В это время затопали Грунины каблучки.
- Ну, потом, - замахал рукой Попов, и все расскочились в стороны,
глядели на дверь, запрятав плутовство. Груня прошла мимо.
- Так он говорит, - зашептал со своего места Попов, - у моей говорит,
зыны такое, знаете, бывает... - и потряс кулаком, - такое бывает...
И снова Грунины шаги, и распахнулись двери, и красная, запыхавшаяся, в
розовом платье с алым бантом, вошла Груня.
Наоборот
ЖУЙКИН сделал пол-оборота на каблуках, шагнул, откинувшись назад,
шаркнул в сторону, оттер Попова.
- Сердечной хозяйке душевный привет, - и склонил талию. Груня весело
улыбалась на рыжий бобрик. Жуйкин медленно нес Грунину руку к губам. Попов
топтался в очереди.
- Здоровеньки булы! - тряс головой.
Виктор с торжеством и завистью глядел, как прикладывался к ручке
Жуйкин.
Потом Попов встряхивал Грунину руку, будто старому товарищу. Не
удержался и неловко чмокнул в большой палец.

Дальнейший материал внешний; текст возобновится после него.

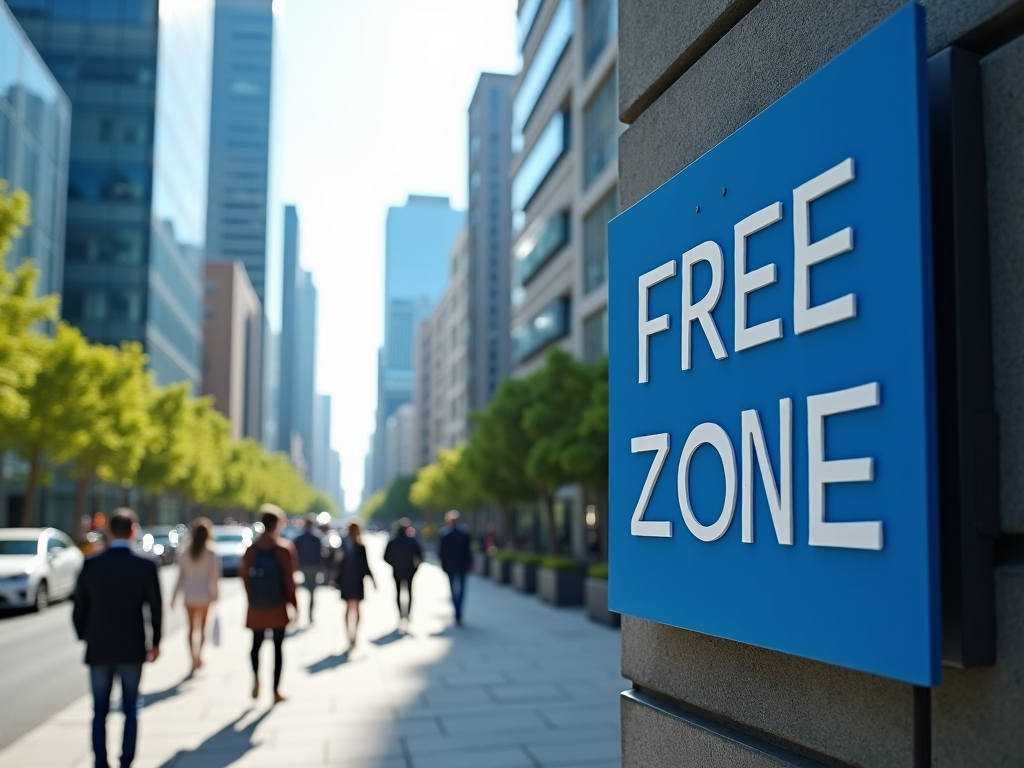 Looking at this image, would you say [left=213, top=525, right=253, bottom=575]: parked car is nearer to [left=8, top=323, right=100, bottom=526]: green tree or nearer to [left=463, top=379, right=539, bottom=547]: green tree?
[left=8, top=323, right=100, bottom=526]: green tree

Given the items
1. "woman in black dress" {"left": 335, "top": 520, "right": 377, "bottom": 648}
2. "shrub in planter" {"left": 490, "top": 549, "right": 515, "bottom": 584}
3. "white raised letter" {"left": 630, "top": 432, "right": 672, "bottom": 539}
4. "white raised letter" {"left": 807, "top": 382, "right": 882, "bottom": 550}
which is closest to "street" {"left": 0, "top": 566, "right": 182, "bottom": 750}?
"woman in black dress" {"left": 335, "top": 520, "right": 377, "bottom": 648}

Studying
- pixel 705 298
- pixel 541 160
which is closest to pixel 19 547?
pixel 705 298

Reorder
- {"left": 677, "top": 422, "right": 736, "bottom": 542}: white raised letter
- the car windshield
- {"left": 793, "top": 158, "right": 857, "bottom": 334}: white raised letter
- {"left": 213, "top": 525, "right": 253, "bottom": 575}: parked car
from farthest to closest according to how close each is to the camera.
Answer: {"left": 213, "top": 525, "right": 253, "bottom": 575}: parked car, the car windshield, {"left": 677, "top": 422, "right": 736, "bottom": 542}: white raised letter, {"left": 793, "top": 158, "right": 857, "bottom": 334}: white raised letter

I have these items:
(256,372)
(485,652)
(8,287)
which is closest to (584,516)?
(8,287)

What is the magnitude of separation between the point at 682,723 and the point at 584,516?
35.7 meters

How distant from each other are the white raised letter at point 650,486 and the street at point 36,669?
23.8ft

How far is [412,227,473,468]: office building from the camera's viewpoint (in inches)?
3698

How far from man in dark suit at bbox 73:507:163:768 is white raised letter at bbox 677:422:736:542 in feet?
16.4

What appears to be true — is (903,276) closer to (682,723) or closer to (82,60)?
(682,723)

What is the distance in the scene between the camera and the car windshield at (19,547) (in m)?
21.1

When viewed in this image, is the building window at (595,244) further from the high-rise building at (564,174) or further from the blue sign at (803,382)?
the blue sign at (803,382)

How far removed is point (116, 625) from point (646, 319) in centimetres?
500

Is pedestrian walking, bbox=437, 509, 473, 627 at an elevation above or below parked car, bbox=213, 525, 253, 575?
above

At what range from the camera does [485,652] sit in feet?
45.8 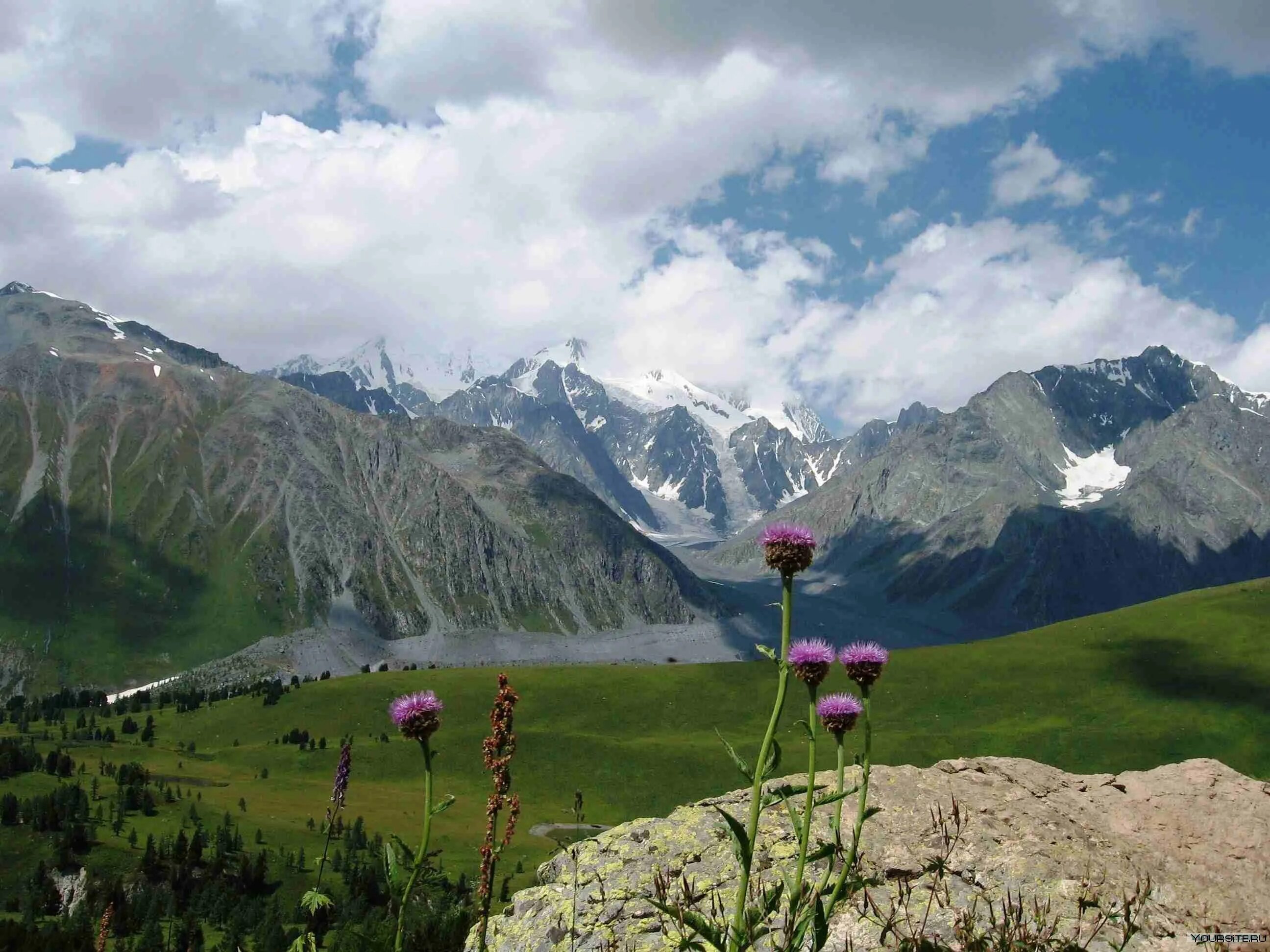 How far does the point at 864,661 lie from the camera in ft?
26.2

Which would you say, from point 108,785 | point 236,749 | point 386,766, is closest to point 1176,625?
point 386,766

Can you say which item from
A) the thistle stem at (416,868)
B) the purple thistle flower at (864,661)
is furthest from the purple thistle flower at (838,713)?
the thistle stem at (416,868)

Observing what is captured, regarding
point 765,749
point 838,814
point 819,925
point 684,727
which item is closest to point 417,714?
point 765,749

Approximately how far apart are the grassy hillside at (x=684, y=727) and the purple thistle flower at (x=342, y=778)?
3971 inches

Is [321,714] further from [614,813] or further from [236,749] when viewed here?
[614,813]

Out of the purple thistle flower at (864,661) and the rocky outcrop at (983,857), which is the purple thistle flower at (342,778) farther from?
the purple thistle flower at (864,661)

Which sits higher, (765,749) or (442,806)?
(765,749)

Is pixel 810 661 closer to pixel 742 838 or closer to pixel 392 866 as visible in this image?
pixel 742 838

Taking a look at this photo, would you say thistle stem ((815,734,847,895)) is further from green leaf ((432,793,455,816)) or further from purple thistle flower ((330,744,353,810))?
purple thistle flower ((330,744,353,810))

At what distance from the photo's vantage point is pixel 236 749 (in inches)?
6895

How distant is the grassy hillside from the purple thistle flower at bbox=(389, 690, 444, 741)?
105 meters

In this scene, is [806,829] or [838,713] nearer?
[806,829]

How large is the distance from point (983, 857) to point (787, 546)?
641cm

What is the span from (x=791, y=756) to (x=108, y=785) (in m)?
122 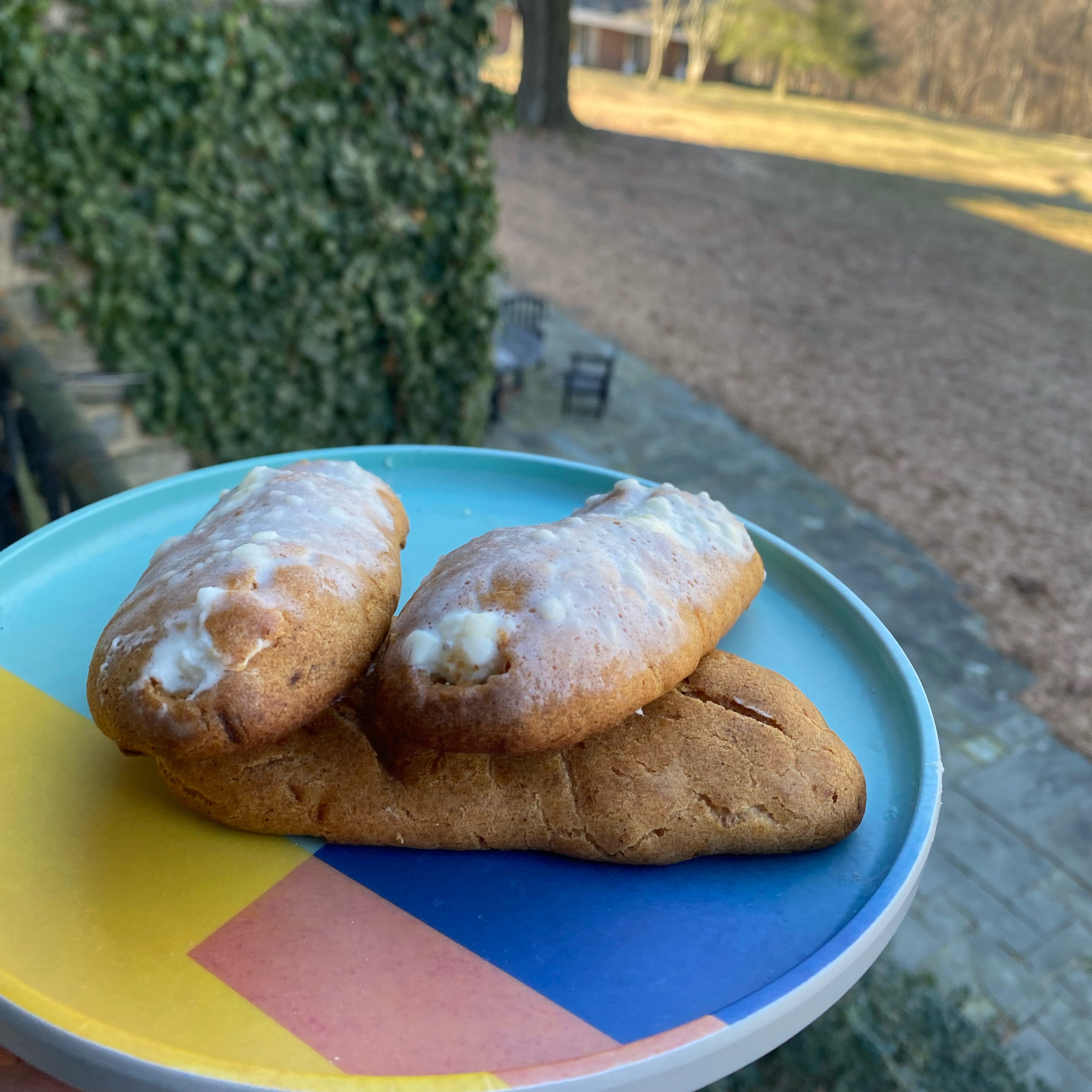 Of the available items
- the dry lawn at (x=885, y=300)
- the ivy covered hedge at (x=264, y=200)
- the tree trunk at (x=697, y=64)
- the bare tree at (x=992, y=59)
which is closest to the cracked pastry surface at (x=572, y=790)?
the ivy covered hedge at (x=264, y=200)

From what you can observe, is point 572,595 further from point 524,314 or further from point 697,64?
point 697,64

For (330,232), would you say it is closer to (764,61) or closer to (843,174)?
(843,174)

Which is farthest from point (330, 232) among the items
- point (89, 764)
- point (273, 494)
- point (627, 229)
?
point (627, 229)

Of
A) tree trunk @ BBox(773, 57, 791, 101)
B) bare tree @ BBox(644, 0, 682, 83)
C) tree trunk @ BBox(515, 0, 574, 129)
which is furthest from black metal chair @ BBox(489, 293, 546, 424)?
bare tree @ BBox(644, 0, 682, 83)

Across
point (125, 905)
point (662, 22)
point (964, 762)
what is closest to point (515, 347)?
point (964, 762)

- Аграфена Петровна, ведь и мы не здоровались. Виктор шаркнул и
поцеловал Груню в ладонь.
- Ну садитесь, садитесь, чего же вы? - и Груня зашуршала платьем к
своему месту.
- А як же... - начал Попов, - це вже... закон, одним словом.
- Вы что? - засмеялась Груня. - Тарас Бульба какой! Жуйкин фыркнул,
захлопал в ладоши:
- Расскажу, расскажу! Всем на службе расскажу. Бульба! Садись, Тарас!
- Витя, наливай, - командовала Груня.
- После трудов праведных, - приговаривал Попов.
- Да знаете, сегодня пришлось-таки, - говорил Виктор, аккуратно
разливая водку, - представьте: битком народу в колбасной...
- Изыди все нечистое, останься един спирт, - сказал Попов и хлопнул
рюмку.
- Ваше здоровье, - поднял рюмку, оборотясь к Груне, Жуйкин.
- Грибочков, - сказала Груня и кивнула Жуйкину.
- Да, - повысил голос Виктор, - битком! Еле протолпился. Ведь надо же
знать, чем они там удовлетворяют потребности населения - дрянью, может
быть. Иду. "Что здесь, - спрашиваю, - делается? Хозяина сюда!" - "Хозяина?"
- "Так точно. Показать все!" - Публика вся на меня. Хозяин: "Не извольте
беспокоиться, ваше благородие". - "Знаем, - говорю, - вас!"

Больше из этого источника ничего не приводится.